Mientras tanto en Japón, el gran importador de matsutake, el cuidado de los entornos en los que brota esta seta ha permitido desarrollar complejos y avanzados mecanismos para racionalizar la propiedad, inspirados en la lógica de los comunes. En aquellos bosques no comunales, la propiedad del terreno no otorga derechos exclusivos de recolección, pues se asume que el subsuelo que acoge al micelio no puede ser privatizado pues puede exceder las propias lindes de la propiedad. Así que lo usual es que haya una subasta de los derechos de recolección de tres quintos de la superficie, mientras se reserva el resto para las excursiones micológicas de las cooperativas locales. En estas jornadas semanales de recolección colectiva se juntan las personas socias para cosechar, posteriormente reparten equitativamente las setas que se hayan encontrado o se reservan para una comida en común.

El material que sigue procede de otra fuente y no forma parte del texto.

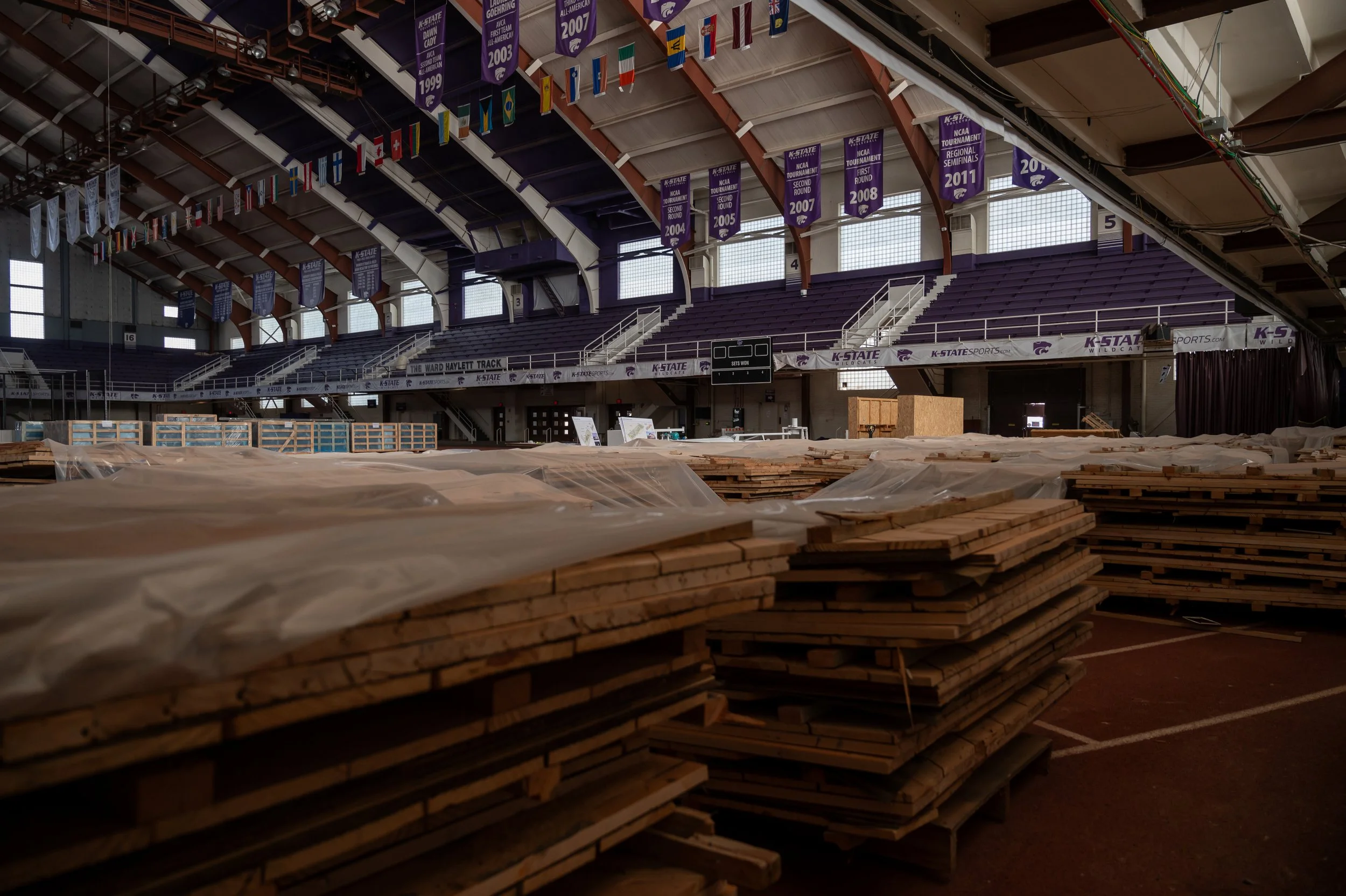 Pallets of the original basketball court from Ahearn Field House sit cut and stacked on pallets inside the facility at Kansas State University on March 25, 2026. 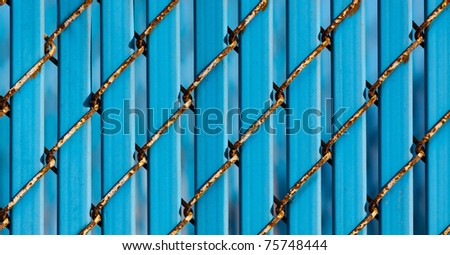 Close-up Fence Detail of Chain Link Showing Rust with Solid Blue Infill Slats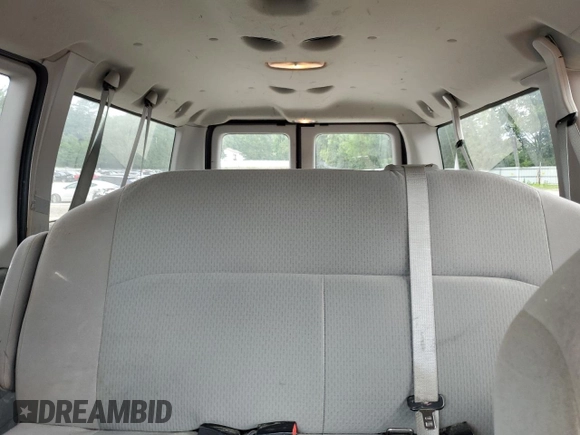 2010 Ford Econoline Passenger XL с VIN 1FMNE1BL6ADA18772, выставлен на аукционе Copart как лот 59190985 с пробегом 154 331 миль миль и Чистый • Clean title. История ставок и продаж доступна на DreamBid. Изображение 10.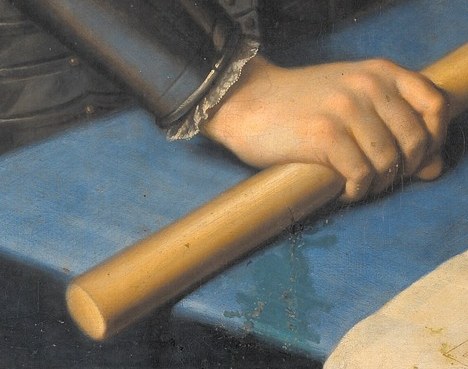 He is dressed for battle, holding a commander's baton.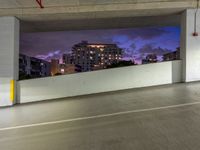 an empty parking garage has the city lights on at night, all painted white and purple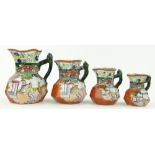 A graduated set of 4 Victorian Mason's octagonal jugs
with panels depicting chinoiserie figures,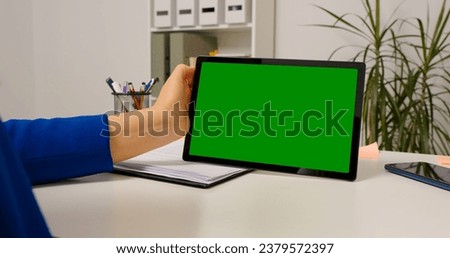Close up chorma key horizontal tablet screen used by female worker. Woman using tablet sitting at desk browsing Internet.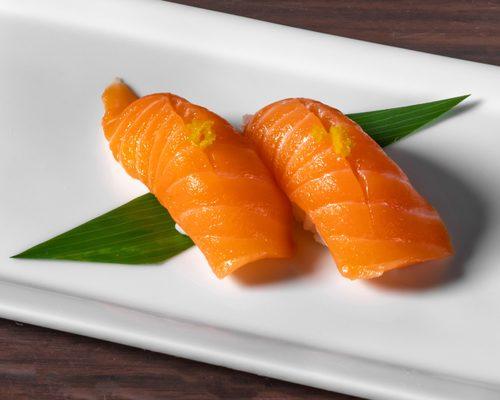 Salmon Sushi with yuzu on the top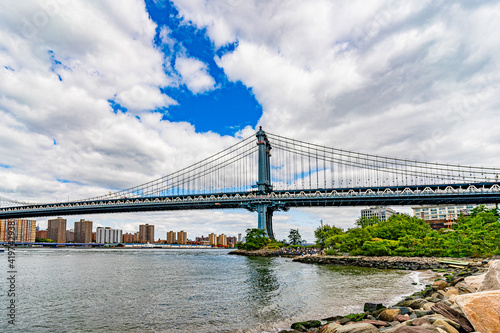 Manhattan Bridge over East River Brooklyn Historical Society DUMBO and waterfront condominium Manhattan New York City Wide angle view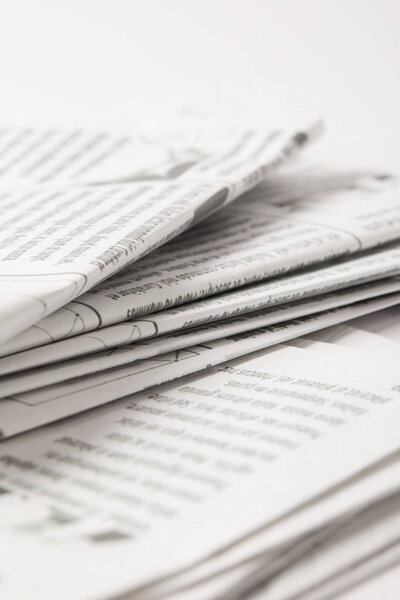 close up of heap of daily newspapers with information, on white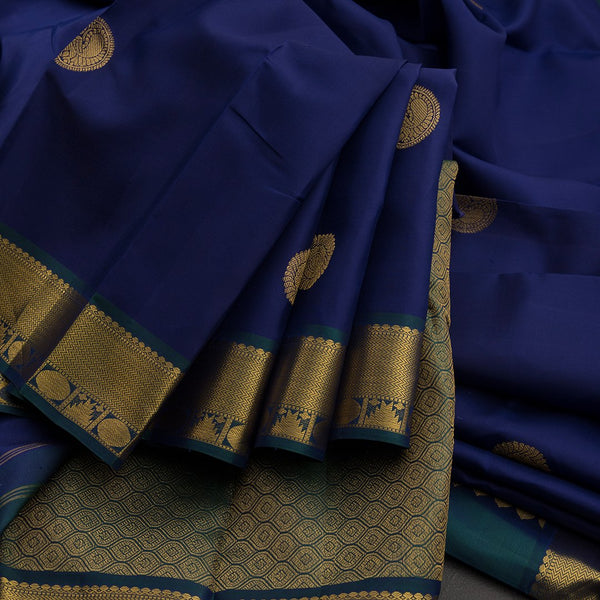 Traditional Navy Blue Kanchipuram Silk Saree With Peacock And Chakram Motifs
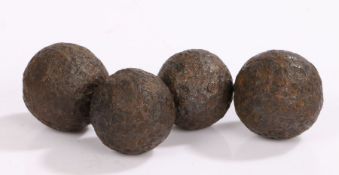 Four 18th/19th century grapeshot/canister shot balls, approx 3.5 cm in diameter, (4)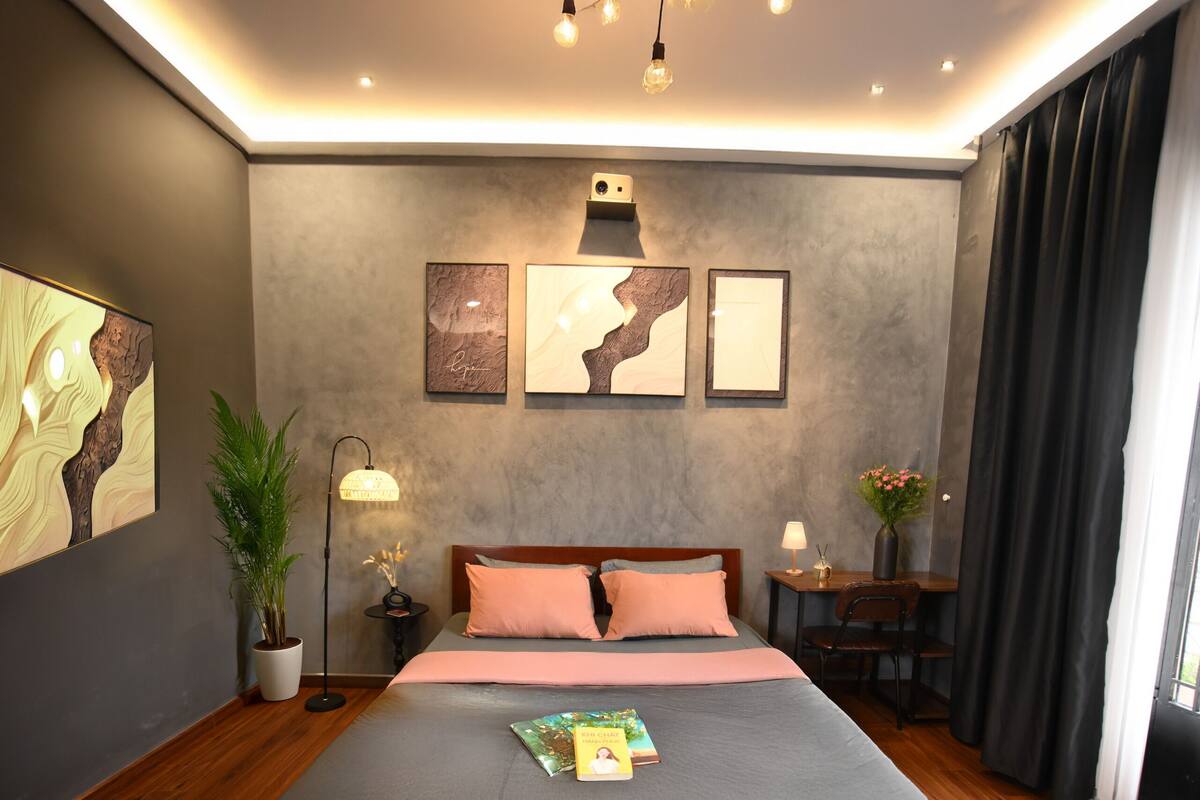 A modern bedroom with a large bed, a bedside table with a lamp, a small table with a vase, and a potted plant.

Los comunes serían esa inseparable confluencia de un recurso, una comunidad y unas normas que regulan su aprovechamiento de forma que no se comprometa su reproducción o accesibilidad en el futuro. Los mundos del matsutake nos muestran ingeniosas formas de combinar derechos particulares y colectivos, derechos de de uso y de mercado, aprovechamientos y sostenibilidad. El funcionamiento de estos artificios sociales exigen de una ética y una cultura que podrían trascender la recolección de setas, para apuntar rasgos que debería contener toda sociedad que quiera hacerse cargo de la crisis ecosocial.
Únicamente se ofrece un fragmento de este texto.